### Exercise brief:
Your answer should be the line that contains "HIGHTECH Adjustable Black画像2" and each line after it, restated word for word through the final line of the entries.

### Data extracts:
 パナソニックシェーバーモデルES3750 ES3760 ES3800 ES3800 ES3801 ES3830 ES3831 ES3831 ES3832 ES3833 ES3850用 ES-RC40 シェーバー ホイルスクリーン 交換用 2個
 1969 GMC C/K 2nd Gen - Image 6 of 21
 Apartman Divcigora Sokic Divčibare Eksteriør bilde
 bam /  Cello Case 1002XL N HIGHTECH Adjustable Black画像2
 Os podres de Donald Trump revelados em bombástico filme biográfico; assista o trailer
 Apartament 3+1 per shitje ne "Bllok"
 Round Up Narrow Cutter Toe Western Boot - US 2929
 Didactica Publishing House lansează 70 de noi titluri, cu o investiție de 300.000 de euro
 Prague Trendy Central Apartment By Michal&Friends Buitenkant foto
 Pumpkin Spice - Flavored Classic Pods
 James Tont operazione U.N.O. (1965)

### Output of the exercise:
 bam /  Cello Case 1002XL N HIGHTECH Adjustable Black画像2
 Os podres de Donald Trump revelados em bombástico filme biográfico; assista o trailer
 Apartament 3+1 per shitje ne "Bllok"
 Round Up Narrow Cutter Toe Western Boot - US 2929
 Didactica Publishing House lansează 70 de noi titluri, cu o investiție de 300.000 de euro
 Prague Trendy Central Apartment By Michal&Friends Buitenkant foto
 Pumpkin Spice - Flavored Classic Pods
 James Tont operazione U.N.O. (1965)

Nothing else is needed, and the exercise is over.